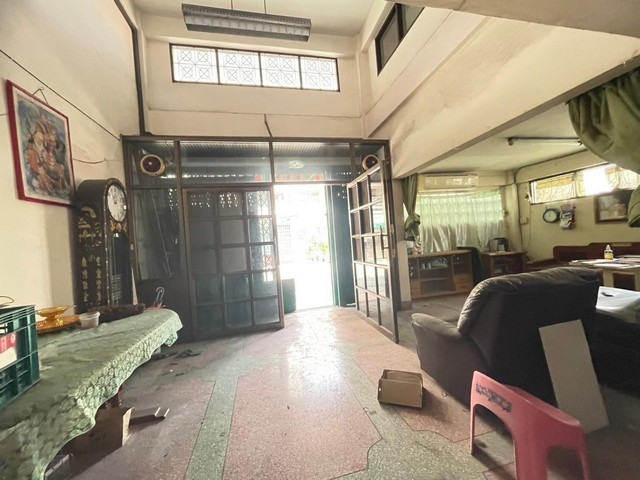 ขายด่วน อาคารพาณิชย์ 8 นอน 3 ห้องน้ำ   มบ.สวนธน1   ริมถนนประชาอุทิศ 59 แยก 5    ทุ่งครุ    ZTK214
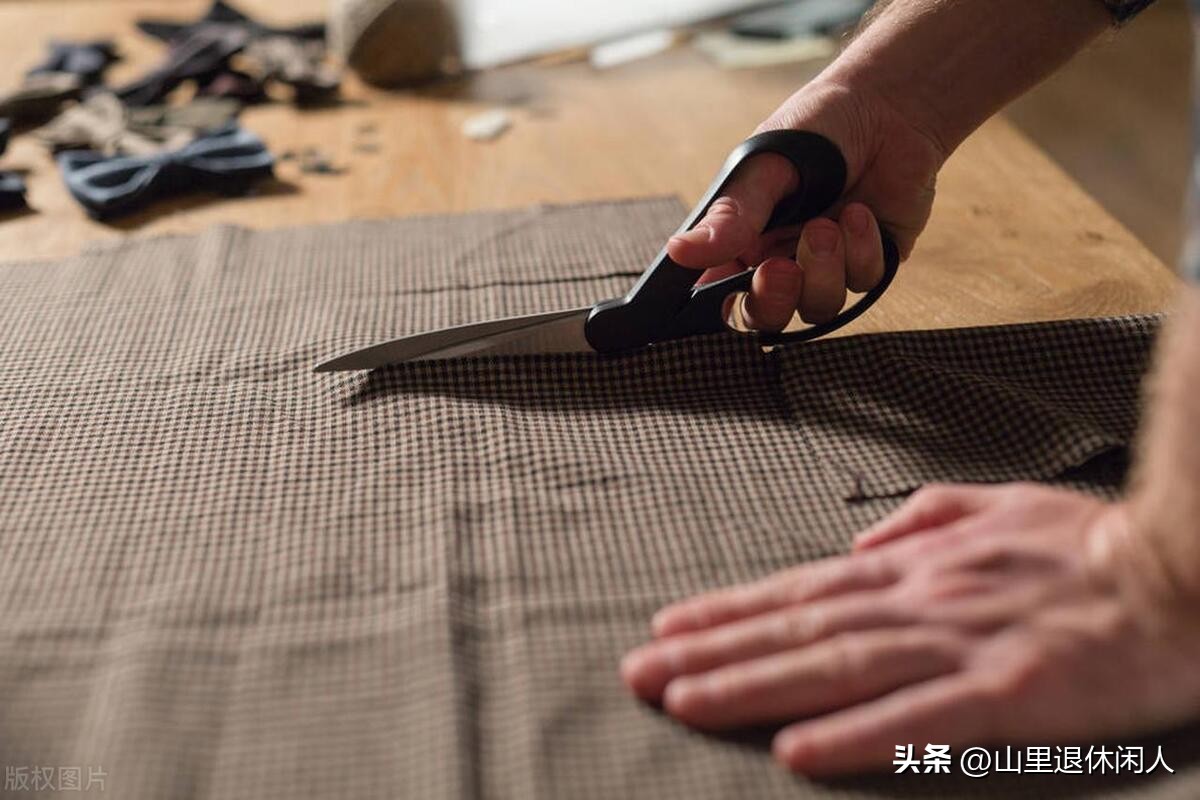 当年拿着500元来打工,一年前拿100元出去打工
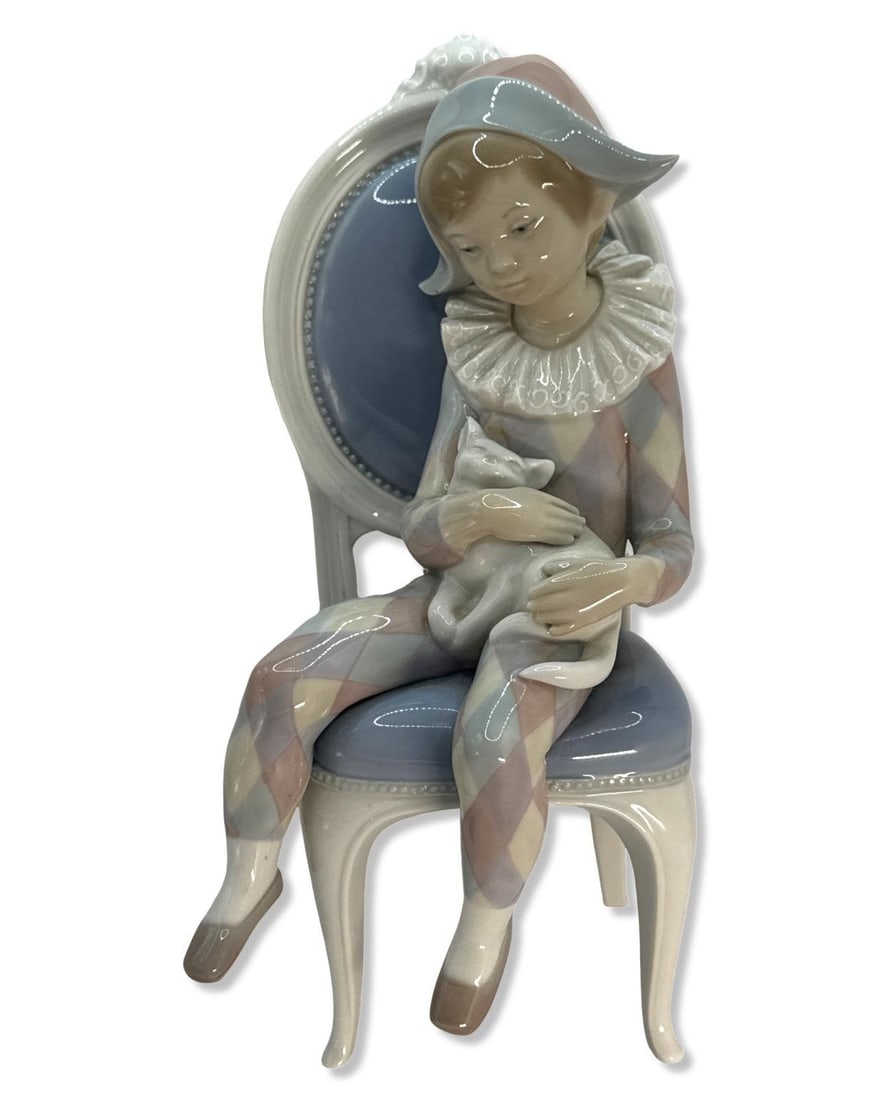 Lladro 1229 Young Harlequin Porcelain Figurine: Lladro 1229 Young Harlequin Porcelain Figurine H: 10" x W: 5"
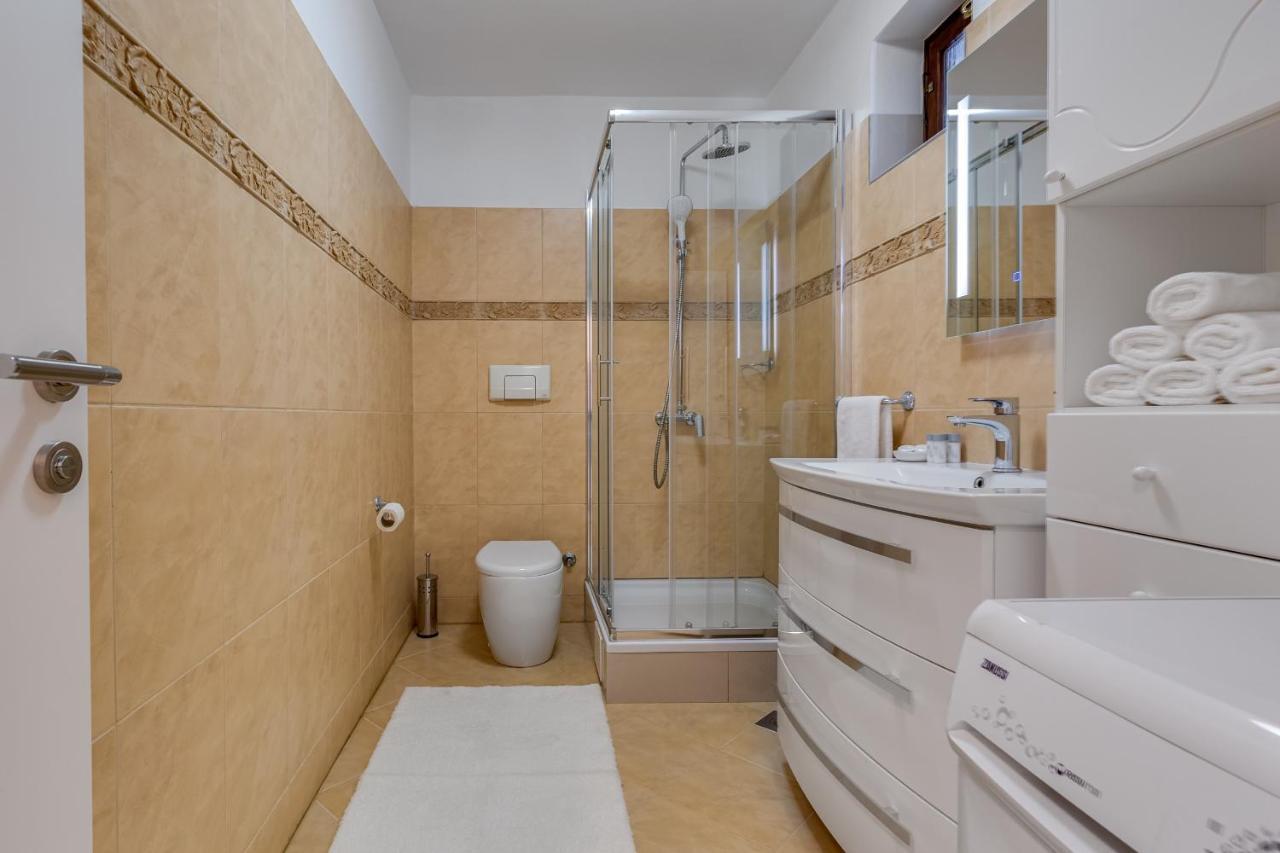 Elegant Two Bedroom Apartment Zadar Buitenkant foto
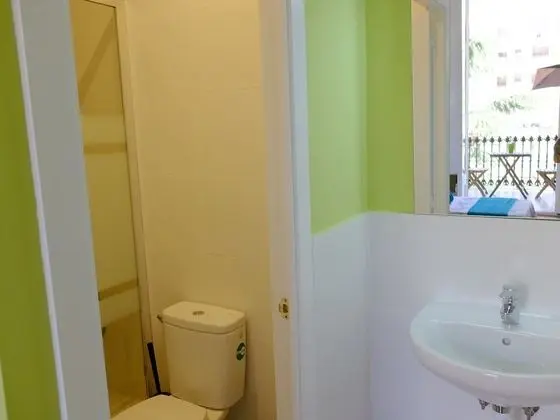 Tek Büyük Yataklı Oda (with Private Bathroom)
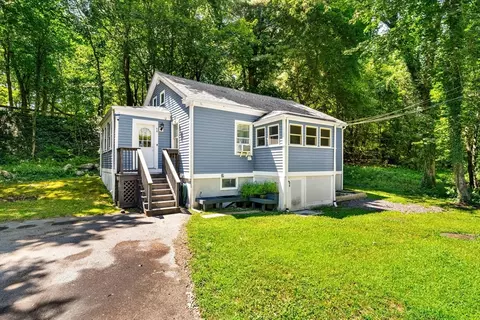 48 Valley Rd, Lexington, MA 02421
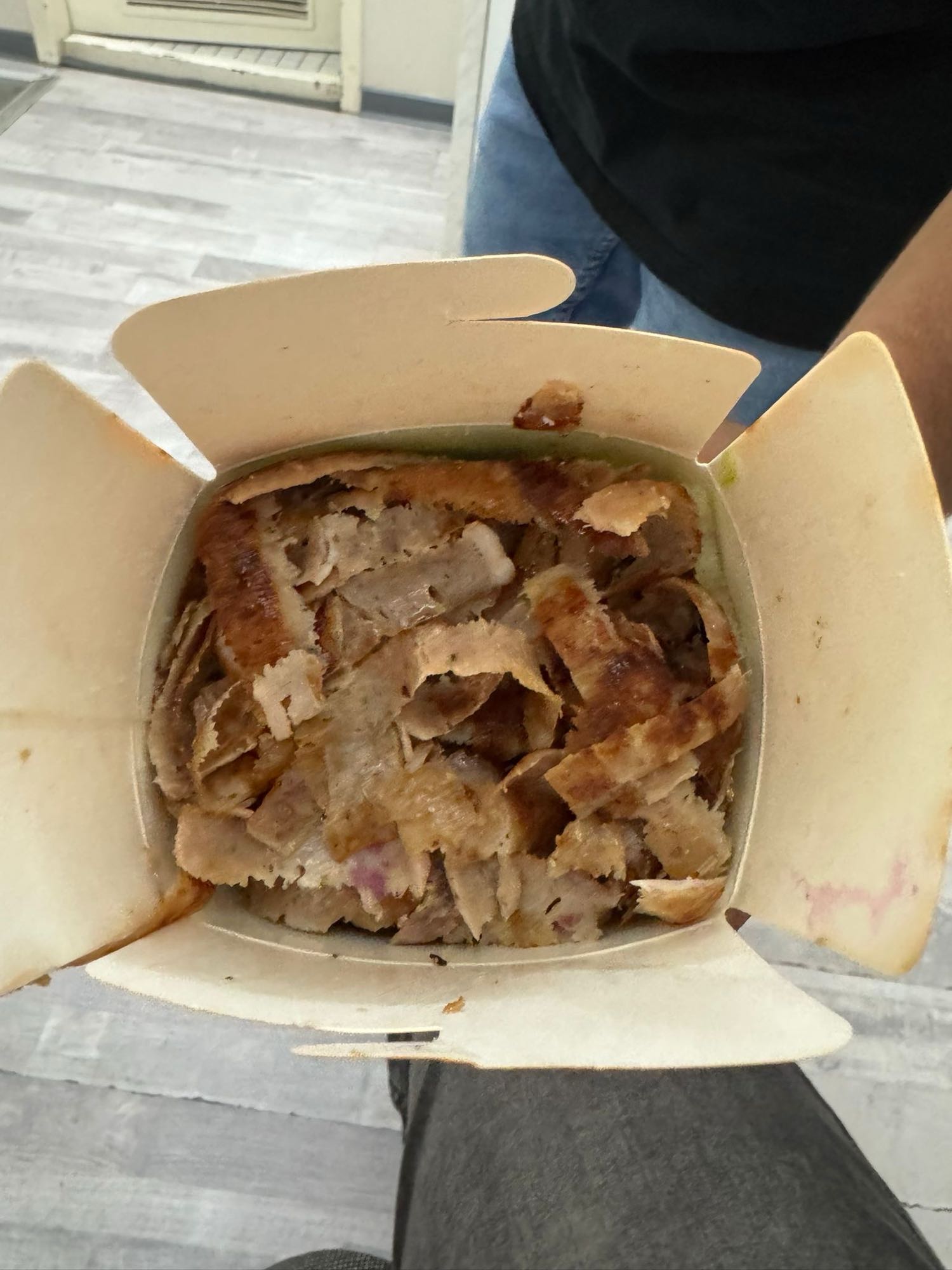 Kleine Dönerbox mit Salat ohne Soße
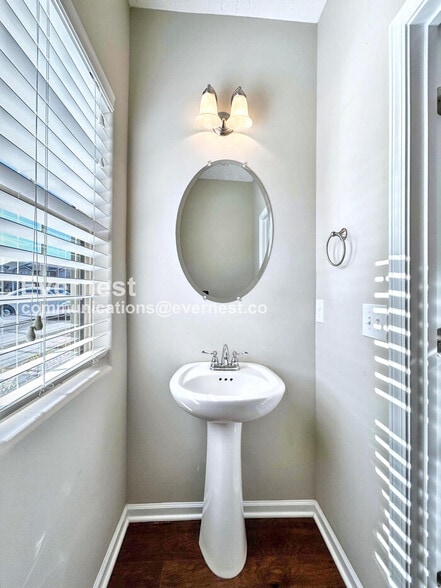 Building Photo - 5336 Dan Post Wy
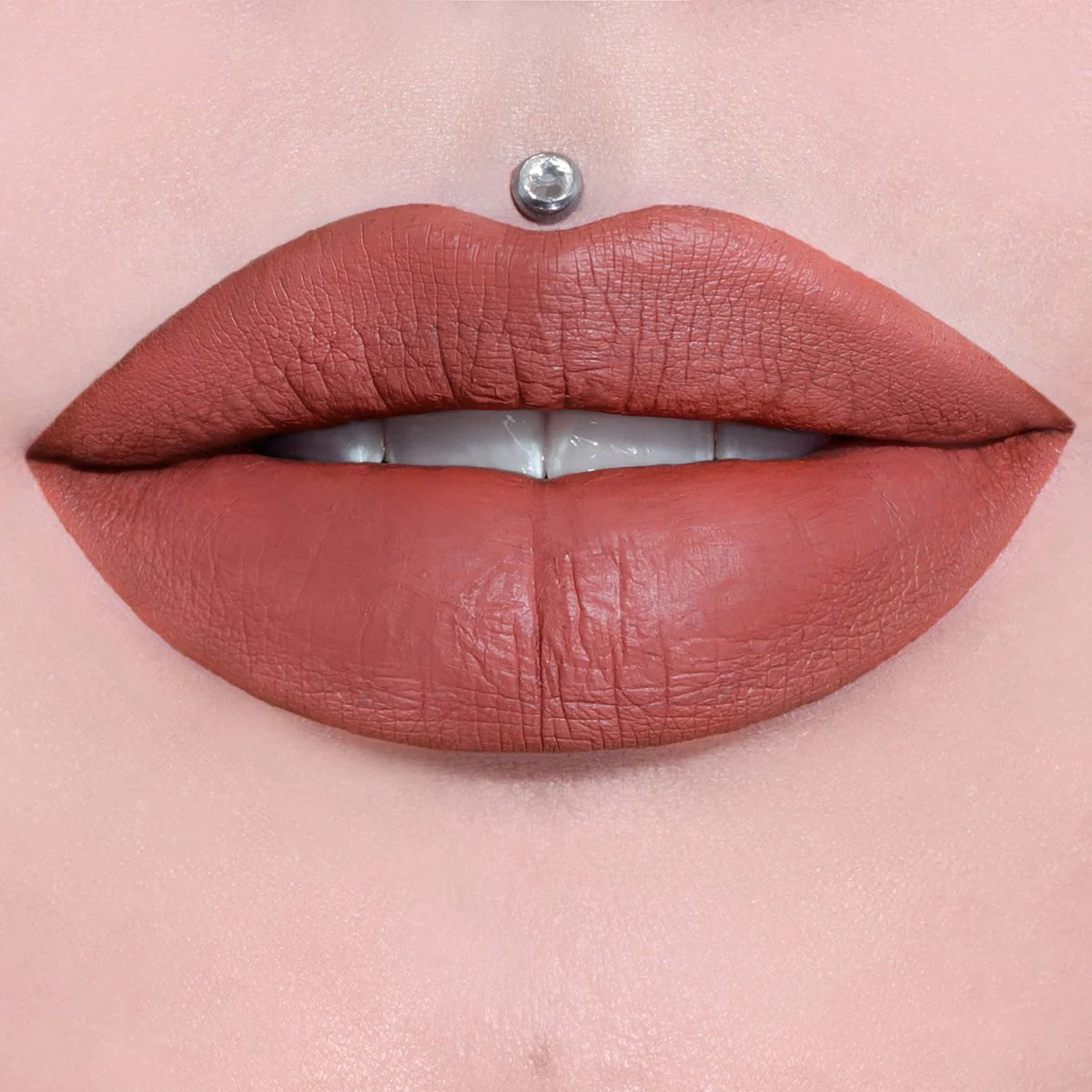 123-velour-liquid-lipstick-5.webp Velour Liquid Lipstick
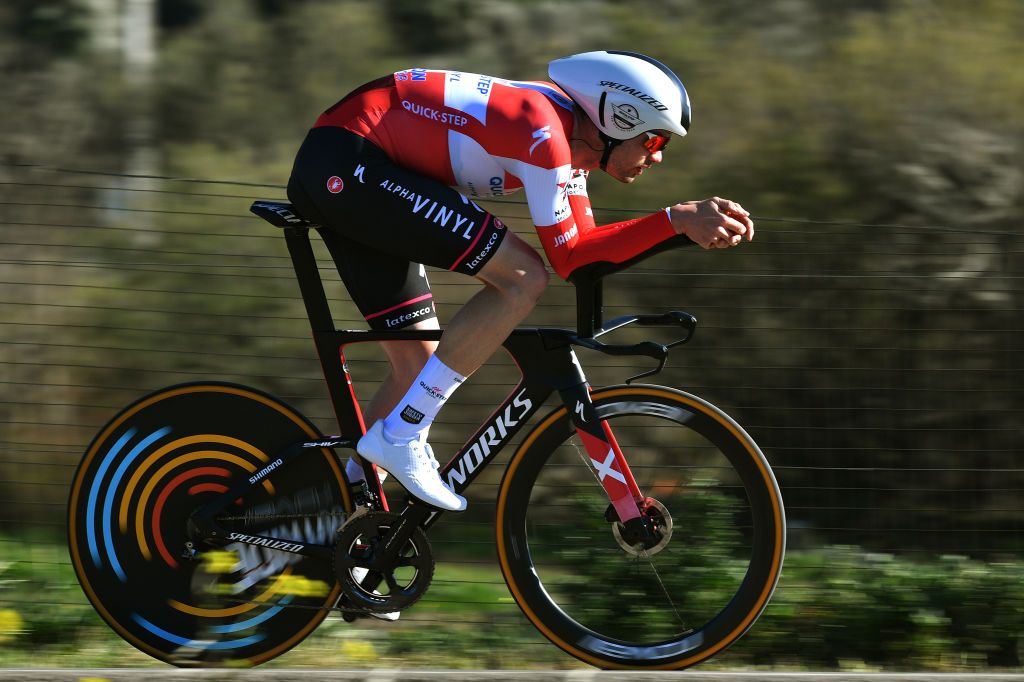 TAVIRA PORTUGAL FEBRUARY 19 Kasper Asgreen of Denmark and Team QuickStep Alpha Vinyl sprints during the 48th Volta Ao Algarve 2022 Stage 4 a 322km individual time trial from Vila Real de Santo Antnio to Tavira VAlgarve2022 on February 19 2022 in Tavira Portugal Photo by Luc ClaessenGetty Images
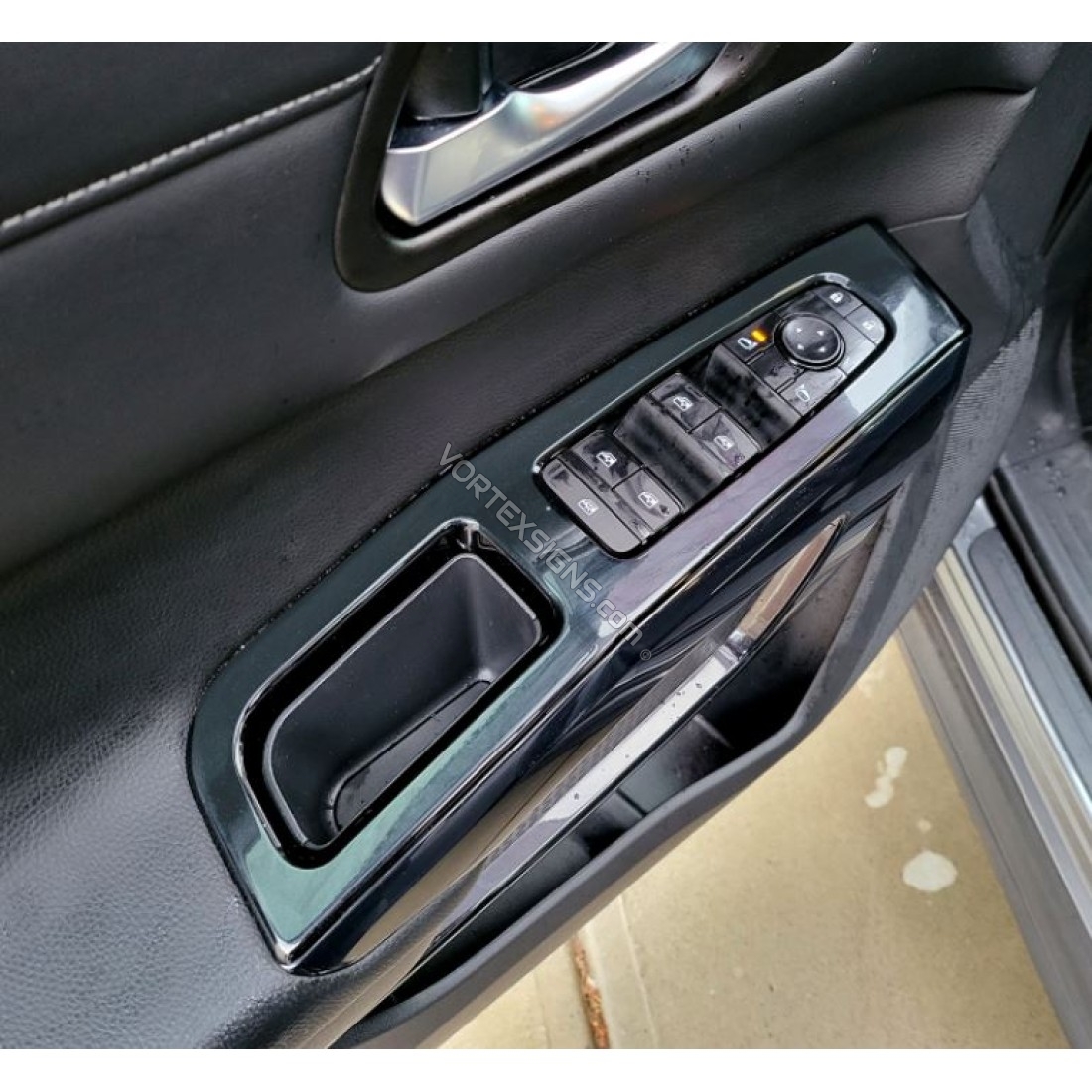 Anti scratch piano finish door handles for 2022 Nissan Pathfinder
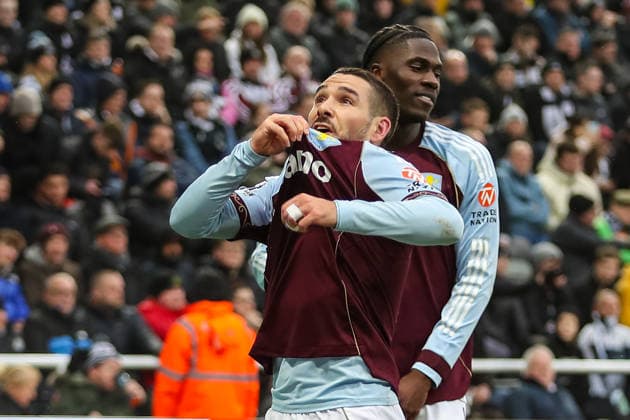 Newcastle United v Aston Villa, Premier League Emi Buendia Of Aston Villa scores a GOAL 0-1 and celebrates during the Newcastle United v Aston Villa Premier League match at St. James Park, Newcastle Upon Tyne, England on 25 January 2026 Credit: Lee Keuneke Every Second Media Editorial use only. All images are copyright Every Second Media Limited. No images may be reproduced without prior permission. All rights reserved. Premier League and Football League images are subject to licensing agreements with Football DataCo Limited. see https: www.football-dataco.com Copyright: xIMAGO EveryxSecondxMediax ESM-1773-0044 LeexKeunekex xEveryxSecondxMediax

########################################

• How to complete this task: Reproduce the records above exactly, but only from the line with "Elegant Two Bedroom" up to and including the line with "Anti scratch piano". Leave the pictures out.

• Written response:
 Elegant Two Bedroom Apartment Zadar Buitenkant foto
 Tek Büyük Yataklı Oda (with Private Bathroom)
 48 Valley Rd, Lexington, MA 02421
 Kleine Dönerbox mit Salat ohne Soße
 Building Photo - 5336 Dan Post Wy
 123-velour-liquid-lipstick-5.webp Velour Liquid Lipstick
 TAVIRA PORTUGAL FEBRUARY 19 Kasper Asgreen of Denmark and Team QuickStep Alpha Vinyl sprints during the 48th Volta Ao Algarve 2022 Stage 4 a 322km individual time trial from Vila Real de Santo Antnio to Tavira VAlgarve2022 on February 19 2022 in Tavira Portugal Photo by Luc ClaessenGetty Images
 Anti scratch piano finish door handles for 2022 Nissan Pathfinder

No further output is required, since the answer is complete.